• [Instructions for the task] Please reproduce all the records exactly while leaving out their pictures.

Exercise materials START

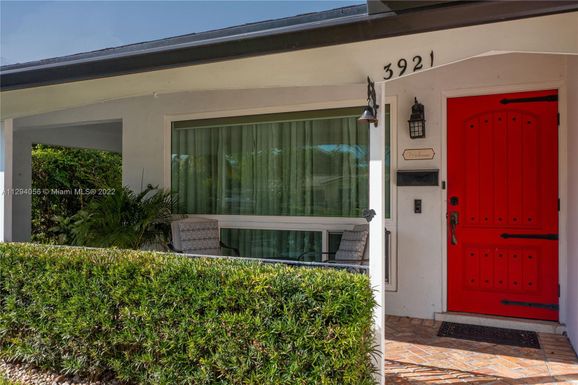 3921 Roosevelt St, Hollywood FL 33021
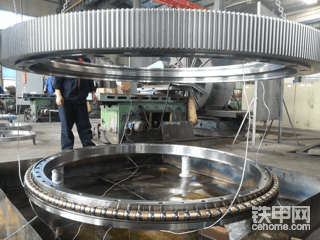 一图胜千言：1分钟看透转盘轴承的结构和形式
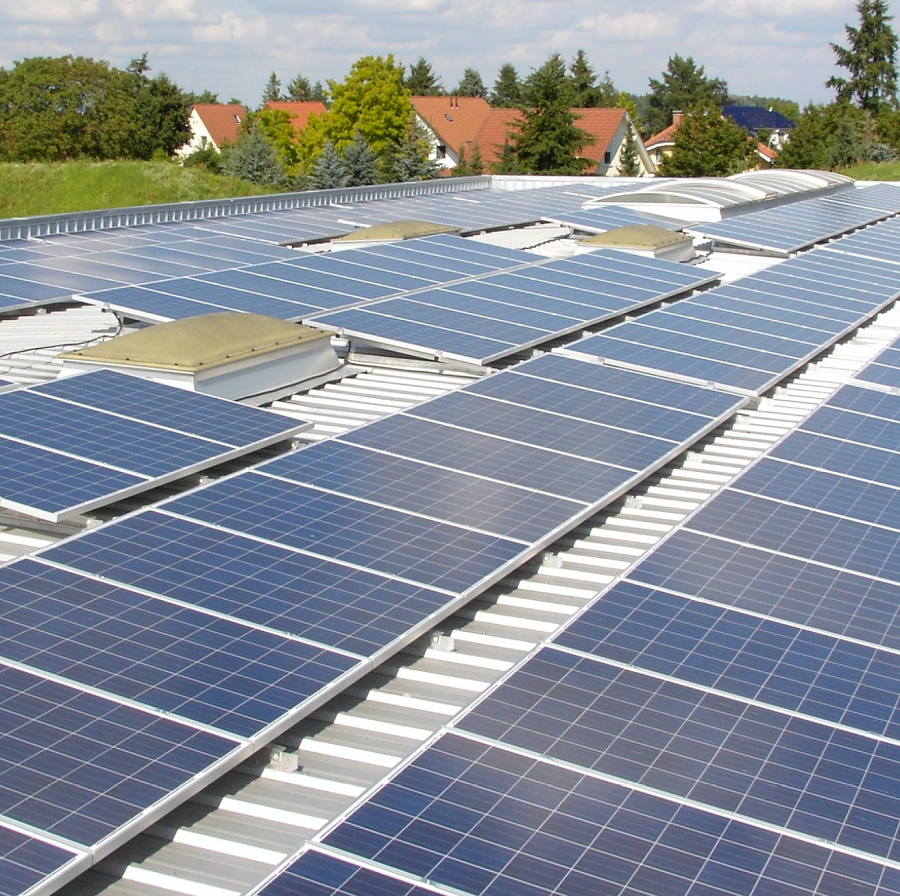 I fjor installerte mer enn 1600 norske husholdninger solcelleanlegg på taket. Statlige Enova betaler cirka 15 prosent av regningen, trolig fordi de mener solstrøm er godt for både klima og samfunnsøkonomi. Selgere av solstrømanlegg mener det samme og vel så det, skriver kronikkforfatterne i DN. Foto: Peter Arnold Wallantin (PxHere)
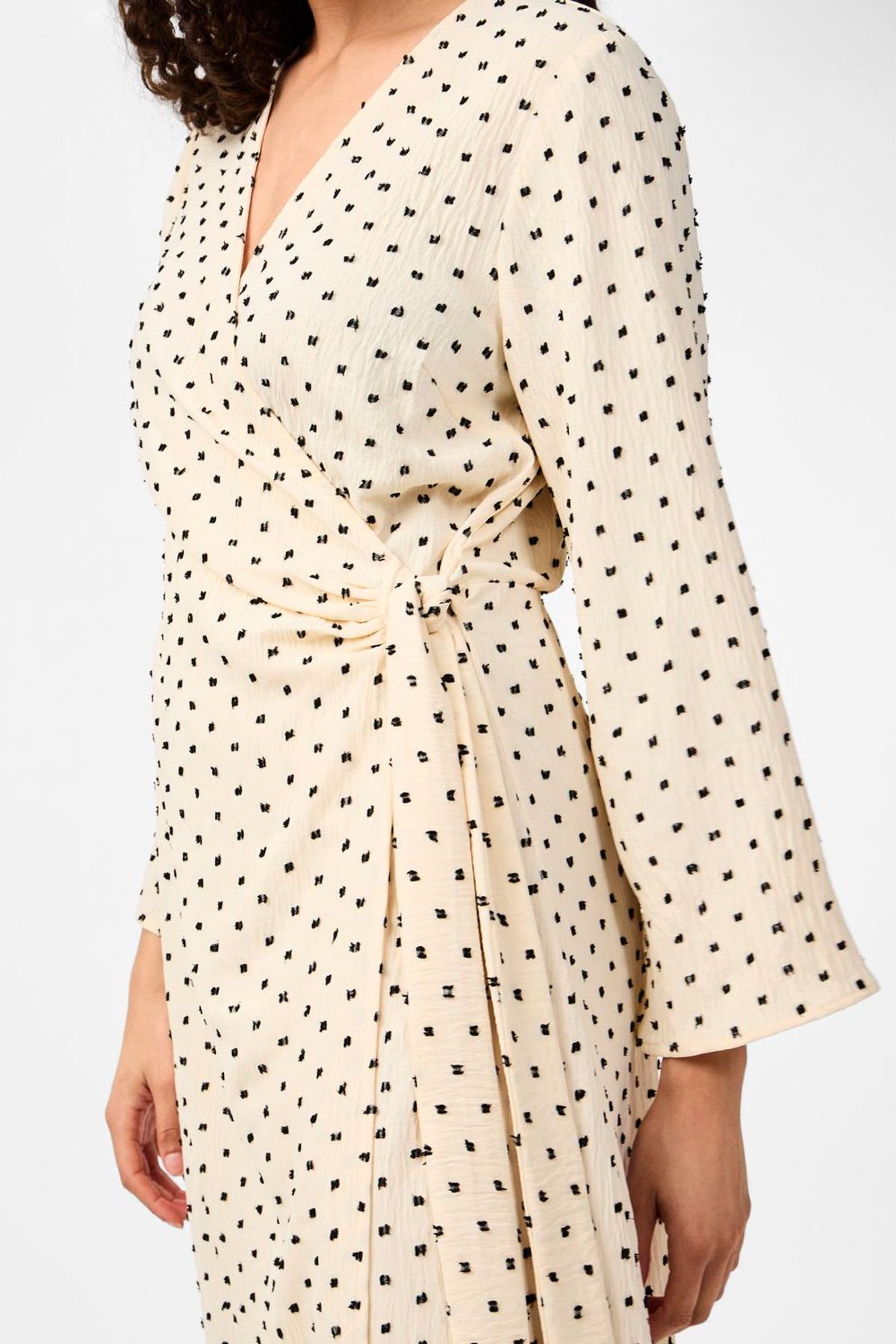 YAS.-CUSHION 7/8 - Υψηλό μέγεθος Small Cut Wrap Dress S. 6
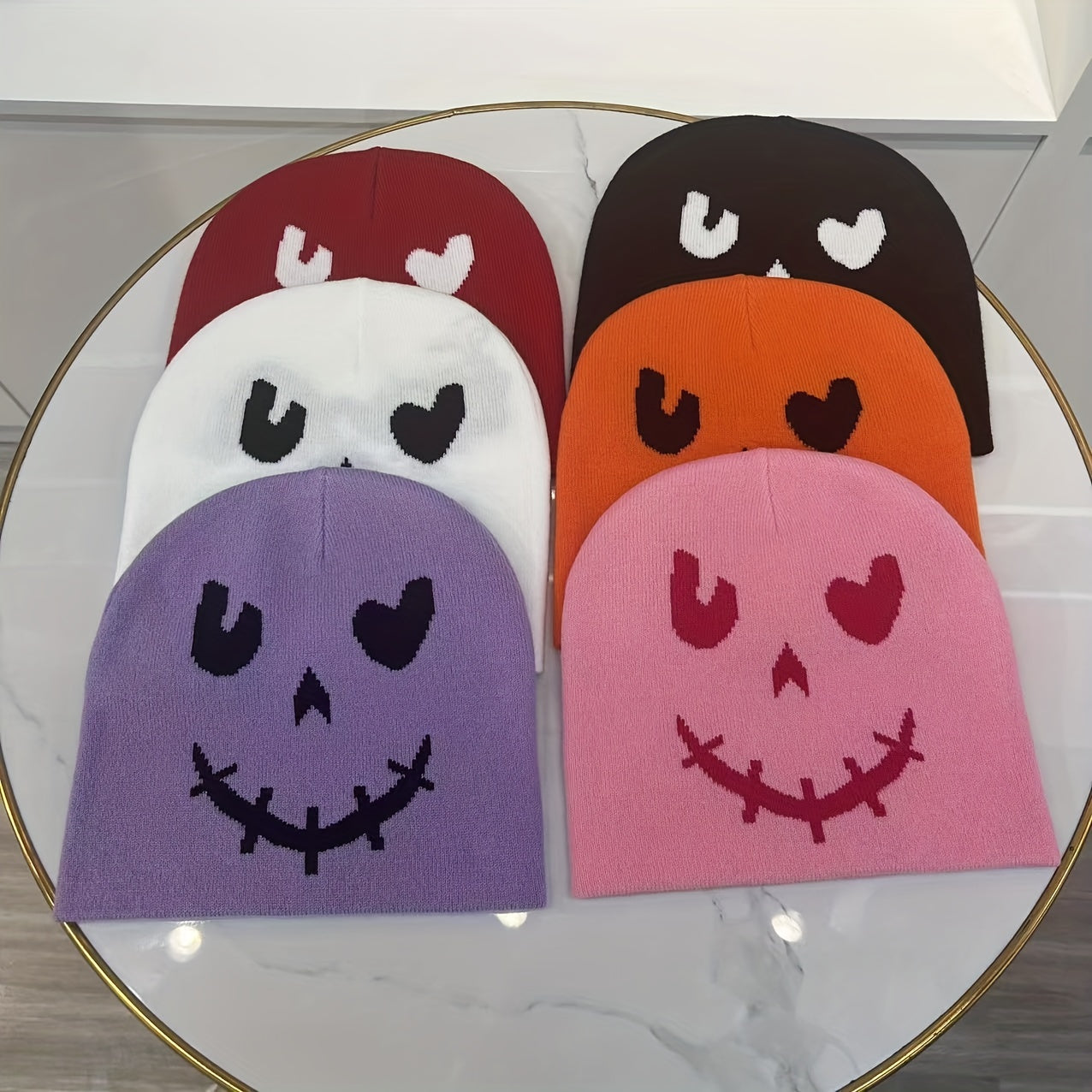Funny Expression Windproof Knit Beanie Hat With Pirate Skull Print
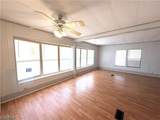 106 Gaslight Avenue - Photo 8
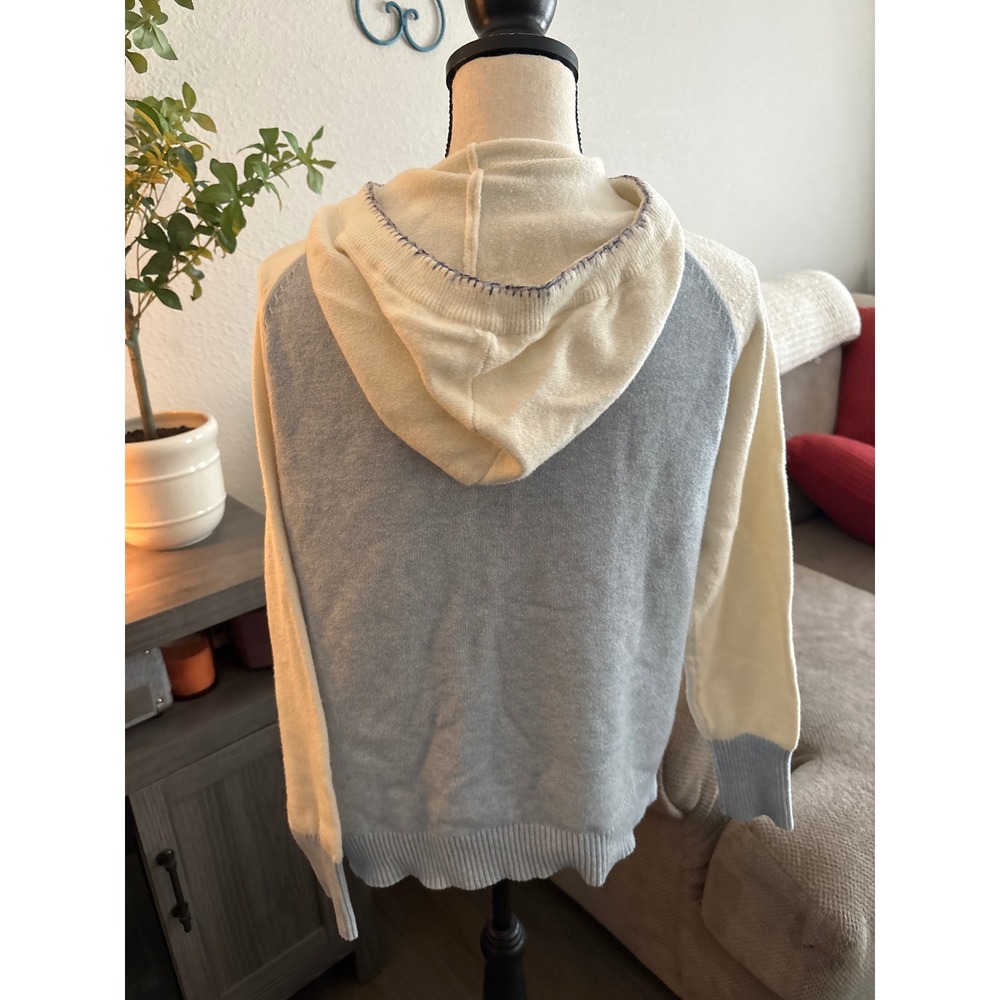 Charlie B women's medium sweater blue white‎ hooded - Picture 2 of 4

Exercise materials END

• [Task solution]
 3921 Roosevelt St, Hollywood FL 33021
 一图胜千言：1分钟看透转盘轴承的结构和形式
 I fjor installerte mer enn 1600 norske husholdninger solcelleanlegg på taket. Statlige Enova betaler cirka 15 prosent av regningen, trolig fordi de mener solstrøm er godt for både klima og samfunnsøkonomi. Selgere av solstrømanlegg mener det samme og vel så det, skriver kronikkforfatterne i DN. Foto: Peter Arnold Wallantin (PxHere)
 YAS.-CUSHION 7/8 - Υψηλό μέγεθος Small Cut Wrap Dress S. 6
Funny Expression Windproof Knit Beanie Hat With Pirate Skull Print
 106 Gaslight Avenue - Photo 8
 Charlie B women's medium sweater blue white‎ hooded - Picture 2 of 4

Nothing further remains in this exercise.